Complementarily, the qualitative component consisted of structured non-participant observation conducted during usability testing sessions. A specifically designed observation sheet was used to systematically record participants’ behaviors, interaction strategies, difficulties encountered, and problem-solving approaches while using the prototyping tools. This qualitative data enabled a deeper understanding of user experience dimensions not fully captured by numerical scores.
The experimental procedure required participants to generate a functional mobile application prototype representing an intelligent system. To ensure experimental consistency, all participants worked under identical conditions in terms of instructions, time allocation, technological resources, and task complexity. This controlled setup enabled reliable comparison across tools and strengthened the internal validity of the study.
Quantitative indicators included task completion time, the number of iterations required to achieve the expected prototype output, and SUS usability scores. Qualitative indicators included perceived effectiveness, satisfaction, and observed interaction patterns. Data analysis combined descriptive statistical techniques for quantitative results and thematic analysis for qualitative observations.

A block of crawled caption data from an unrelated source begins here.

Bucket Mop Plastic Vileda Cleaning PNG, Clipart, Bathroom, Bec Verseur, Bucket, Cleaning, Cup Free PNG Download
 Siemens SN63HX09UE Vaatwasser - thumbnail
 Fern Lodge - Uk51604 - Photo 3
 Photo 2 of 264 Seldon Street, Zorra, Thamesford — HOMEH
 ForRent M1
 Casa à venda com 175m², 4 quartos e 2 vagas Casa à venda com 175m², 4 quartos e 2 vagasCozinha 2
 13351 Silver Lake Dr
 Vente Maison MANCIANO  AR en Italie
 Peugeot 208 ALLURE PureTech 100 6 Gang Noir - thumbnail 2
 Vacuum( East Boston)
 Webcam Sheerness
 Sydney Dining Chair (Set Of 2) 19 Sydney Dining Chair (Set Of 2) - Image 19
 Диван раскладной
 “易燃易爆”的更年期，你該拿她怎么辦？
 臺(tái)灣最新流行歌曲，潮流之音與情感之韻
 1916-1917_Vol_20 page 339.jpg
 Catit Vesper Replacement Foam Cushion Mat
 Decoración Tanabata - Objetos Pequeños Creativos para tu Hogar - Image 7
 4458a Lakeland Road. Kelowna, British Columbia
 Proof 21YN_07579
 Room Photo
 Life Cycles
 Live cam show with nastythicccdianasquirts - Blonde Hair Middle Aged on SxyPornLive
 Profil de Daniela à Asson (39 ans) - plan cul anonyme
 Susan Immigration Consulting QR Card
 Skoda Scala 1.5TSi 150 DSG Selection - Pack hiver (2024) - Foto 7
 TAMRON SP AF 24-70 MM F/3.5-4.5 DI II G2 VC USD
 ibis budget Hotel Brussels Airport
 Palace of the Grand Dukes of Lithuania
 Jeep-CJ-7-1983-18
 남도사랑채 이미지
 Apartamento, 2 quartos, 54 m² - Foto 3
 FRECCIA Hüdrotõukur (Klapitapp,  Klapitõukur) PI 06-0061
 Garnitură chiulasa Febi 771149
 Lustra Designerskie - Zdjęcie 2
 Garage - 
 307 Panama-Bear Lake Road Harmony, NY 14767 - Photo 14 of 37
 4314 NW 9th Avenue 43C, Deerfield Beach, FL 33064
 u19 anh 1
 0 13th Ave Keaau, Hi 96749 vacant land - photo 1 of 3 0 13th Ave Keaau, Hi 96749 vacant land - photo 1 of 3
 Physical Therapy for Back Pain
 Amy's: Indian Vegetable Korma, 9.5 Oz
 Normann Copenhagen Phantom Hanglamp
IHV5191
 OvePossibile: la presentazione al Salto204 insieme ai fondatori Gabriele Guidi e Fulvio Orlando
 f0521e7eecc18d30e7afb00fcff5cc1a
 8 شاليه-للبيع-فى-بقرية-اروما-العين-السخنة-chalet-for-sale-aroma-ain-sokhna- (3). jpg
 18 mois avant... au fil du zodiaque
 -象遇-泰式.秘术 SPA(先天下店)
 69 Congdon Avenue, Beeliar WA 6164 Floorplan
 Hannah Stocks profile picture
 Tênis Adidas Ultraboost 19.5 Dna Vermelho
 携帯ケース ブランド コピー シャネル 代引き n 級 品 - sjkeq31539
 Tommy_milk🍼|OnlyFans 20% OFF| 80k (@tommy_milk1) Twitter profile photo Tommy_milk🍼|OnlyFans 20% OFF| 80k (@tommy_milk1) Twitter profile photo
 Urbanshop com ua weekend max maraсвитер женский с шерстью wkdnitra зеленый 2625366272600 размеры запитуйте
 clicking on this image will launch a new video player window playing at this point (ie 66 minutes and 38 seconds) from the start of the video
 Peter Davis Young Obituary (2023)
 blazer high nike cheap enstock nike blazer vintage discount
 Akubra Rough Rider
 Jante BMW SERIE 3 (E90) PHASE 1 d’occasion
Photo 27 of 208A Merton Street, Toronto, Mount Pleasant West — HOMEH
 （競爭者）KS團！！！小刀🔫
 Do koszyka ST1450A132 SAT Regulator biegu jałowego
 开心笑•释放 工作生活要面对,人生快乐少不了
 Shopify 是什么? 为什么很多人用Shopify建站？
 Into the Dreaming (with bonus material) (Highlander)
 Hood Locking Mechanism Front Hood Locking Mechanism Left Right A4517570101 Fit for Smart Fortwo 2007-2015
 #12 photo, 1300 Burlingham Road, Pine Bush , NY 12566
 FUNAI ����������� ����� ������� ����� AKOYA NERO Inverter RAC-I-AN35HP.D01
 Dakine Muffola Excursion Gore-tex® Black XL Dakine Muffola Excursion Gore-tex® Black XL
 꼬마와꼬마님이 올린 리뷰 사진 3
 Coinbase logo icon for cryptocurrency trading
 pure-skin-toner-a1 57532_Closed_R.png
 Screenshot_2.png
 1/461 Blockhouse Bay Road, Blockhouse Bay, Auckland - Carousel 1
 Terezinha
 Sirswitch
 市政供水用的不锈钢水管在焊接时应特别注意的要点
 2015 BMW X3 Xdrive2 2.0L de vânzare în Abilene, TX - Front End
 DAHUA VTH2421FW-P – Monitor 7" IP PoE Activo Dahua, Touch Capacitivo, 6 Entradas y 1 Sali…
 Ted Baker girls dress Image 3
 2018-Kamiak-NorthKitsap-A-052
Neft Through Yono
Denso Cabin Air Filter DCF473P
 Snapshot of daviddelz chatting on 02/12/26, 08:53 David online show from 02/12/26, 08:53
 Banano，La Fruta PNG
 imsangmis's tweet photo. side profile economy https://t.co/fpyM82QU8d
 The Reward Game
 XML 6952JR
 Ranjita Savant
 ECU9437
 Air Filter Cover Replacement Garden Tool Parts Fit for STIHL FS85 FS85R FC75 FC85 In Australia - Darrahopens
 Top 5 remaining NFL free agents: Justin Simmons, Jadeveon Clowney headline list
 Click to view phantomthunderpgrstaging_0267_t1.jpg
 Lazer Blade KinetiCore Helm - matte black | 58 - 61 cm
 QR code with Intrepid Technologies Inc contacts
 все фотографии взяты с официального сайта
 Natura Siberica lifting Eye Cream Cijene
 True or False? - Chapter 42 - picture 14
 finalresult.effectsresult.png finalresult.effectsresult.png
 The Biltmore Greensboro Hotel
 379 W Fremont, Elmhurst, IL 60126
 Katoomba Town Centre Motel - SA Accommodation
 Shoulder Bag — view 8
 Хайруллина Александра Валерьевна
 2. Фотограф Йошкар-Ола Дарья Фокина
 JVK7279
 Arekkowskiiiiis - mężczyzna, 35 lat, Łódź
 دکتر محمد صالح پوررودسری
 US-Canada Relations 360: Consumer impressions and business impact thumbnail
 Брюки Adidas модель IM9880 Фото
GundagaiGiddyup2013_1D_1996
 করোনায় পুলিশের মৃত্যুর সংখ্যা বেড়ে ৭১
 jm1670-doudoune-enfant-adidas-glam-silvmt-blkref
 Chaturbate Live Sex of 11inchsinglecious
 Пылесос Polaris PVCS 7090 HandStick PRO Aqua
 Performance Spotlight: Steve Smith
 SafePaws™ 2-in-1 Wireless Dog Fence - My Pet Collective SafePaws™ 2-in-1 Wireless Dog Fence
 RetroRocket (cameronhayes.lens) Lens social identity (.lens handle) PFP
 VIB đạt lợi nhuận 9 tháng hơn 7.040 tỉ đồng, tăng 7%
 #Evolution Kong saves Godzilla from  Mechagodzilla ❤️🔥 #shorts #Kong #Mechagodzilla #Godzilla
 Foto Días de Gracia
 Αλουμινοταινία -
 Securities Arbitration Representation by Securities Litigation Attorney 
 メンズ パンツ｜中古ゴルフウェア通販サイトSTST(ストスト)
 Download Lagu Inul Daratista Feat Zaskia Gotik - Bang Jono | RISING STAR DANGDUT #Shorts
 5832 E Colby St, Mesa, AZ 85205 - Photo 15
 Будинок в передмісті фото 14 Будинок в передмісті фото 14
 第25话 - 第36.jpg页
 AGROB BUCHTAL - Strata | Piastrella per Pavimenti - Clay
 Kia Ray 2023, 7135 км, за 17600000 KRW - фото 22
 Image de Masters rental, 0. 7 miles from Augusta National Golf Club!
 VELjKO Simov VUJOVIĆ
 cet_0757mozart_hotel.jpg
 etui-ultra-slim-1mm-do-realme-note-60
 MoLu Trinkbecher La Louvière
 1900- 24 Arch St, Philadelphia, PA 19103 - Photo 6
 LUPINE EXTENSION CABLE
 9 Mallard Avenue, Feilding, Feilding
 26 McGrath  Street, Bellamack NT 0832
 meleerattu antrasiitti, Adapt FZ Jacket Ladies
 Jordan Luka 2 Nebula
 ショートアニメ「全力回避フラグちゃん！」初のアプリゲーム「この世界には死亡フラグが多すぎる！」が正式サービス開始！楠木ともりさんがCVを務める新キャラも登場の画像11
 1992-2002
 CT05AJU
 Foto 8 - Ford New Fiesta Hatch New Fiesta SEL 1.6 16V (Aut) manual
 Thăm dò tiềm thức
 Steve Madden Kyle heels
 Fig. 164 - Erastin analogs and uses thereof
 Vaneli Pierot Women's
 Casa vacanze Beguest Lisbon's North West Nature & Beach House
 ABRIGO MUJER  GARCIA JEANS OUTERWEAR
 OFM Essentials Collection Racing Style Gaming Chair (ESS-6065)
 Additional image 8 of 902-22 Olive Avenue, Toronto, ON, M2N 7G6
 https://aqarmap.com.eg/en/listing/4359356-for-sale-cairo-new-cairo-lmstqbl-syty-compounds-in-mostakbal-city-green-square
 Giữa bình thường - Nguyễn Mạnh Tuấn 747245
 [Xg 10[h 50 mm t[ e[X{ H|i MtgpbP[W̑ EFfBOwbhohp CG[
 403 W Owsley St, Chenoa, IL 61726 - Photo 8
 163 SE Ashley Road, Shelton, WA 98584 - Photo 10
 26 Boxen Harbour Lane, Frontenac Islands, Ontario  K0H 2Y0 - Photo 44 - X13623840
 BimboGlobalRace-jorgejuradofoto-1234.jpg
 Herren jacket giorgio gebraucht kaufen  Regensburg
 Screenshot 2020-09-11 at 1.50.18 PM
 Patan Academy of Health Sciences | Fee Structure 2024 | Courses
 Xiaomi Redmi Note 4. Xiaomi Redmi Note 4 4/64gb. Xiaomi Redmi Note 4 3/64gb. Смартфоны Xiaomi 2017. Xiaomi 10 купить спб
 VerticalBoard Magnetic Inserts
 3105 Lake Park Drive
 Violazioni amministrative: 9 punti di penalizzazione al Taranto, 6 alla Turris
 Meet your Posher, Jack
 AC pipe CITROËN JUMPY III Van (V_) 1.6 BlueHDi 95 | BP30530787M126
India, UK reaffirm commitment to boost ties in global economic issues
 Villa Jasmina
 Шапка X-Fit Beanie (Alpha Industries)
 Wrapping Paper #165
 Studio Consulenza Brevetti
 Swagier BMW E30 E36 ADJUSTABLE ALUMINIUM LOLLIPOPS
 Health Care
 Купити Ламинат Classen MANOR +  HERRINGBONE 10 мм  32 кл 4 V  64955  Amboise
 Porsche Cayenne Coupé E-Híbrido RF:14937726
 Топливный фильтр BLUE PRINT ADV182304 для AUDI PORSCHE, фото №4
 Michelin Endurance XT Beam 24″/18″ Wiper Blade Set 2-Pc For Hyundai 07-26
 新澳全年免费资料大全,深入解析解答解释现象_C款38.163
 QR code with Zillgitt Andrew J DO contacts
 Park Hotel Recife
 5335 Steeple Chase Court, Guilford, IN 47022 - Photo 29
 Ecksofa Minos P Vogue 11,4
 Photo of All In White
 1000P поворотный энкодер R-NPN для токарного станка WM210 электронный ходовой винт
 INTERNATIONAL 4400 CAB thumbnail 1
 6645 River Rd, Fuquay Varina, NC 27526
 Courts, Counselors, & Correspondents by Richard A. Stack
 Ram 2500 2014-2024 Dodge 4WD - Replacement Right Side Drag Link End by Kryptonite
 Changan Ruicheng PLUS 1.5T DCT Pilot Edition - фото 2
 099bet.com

The findings were interpreted according to the usability framework defined in ISO 9241-11:2018 [13] and Nielsen’s usability heuristics [34], focusing on effectiveness, efficiency, and user satisfaction.

3.2. Case Study Selection: Intelligent Mobile Application Reference

To ensure that the prototyping task reflected a realistic and sufficiently complex design challenge, the study required a reference mobile application that met two key criteria: (i) substantial integration of AI mechanisms, including learning, adaptation, and personalization; and (ii) a mature and well-established user interface exemplifying contemporary mobile design principles such as clarity, simplicity, and usability.
Based on these criteria, three candidate applications were analyzed: The Weather Channel, which provides personalized weather explanations; Rappi, which integrates AI-driven recommendation systems, conversational assistance, and predictive logistics optimization; and Duolingo, which has evolved into a highly personalized language-learning platform supported by advanced AI techniques.
Among these alternatives, Duolingo [35] was selected as the reference case due to its unique combination of AI sophistication and exemplary user-centered interface design. Its AI implementation spans multiple dimensions, including adaptive learning personalization through machine learning models, predictive exercise sequencing via the “Birdbrain” system, automatic content generation, and generative conversational feedback supported by large language models. Furthermore, its interface design—characterized by card-based layouts, consistent visual hierarchy, immediate feedback mechanisms, and gamified interaction elements—constitutes a paradigmatic example of mature mobile UX/UI design.
This combination made Duolingo an ideal benchmark for assessing whether generative AI–based prototyping tools are capable of reproducing not only visual layouts but also the systemic coherence and interaction logic of a real-world intelligent mobile application.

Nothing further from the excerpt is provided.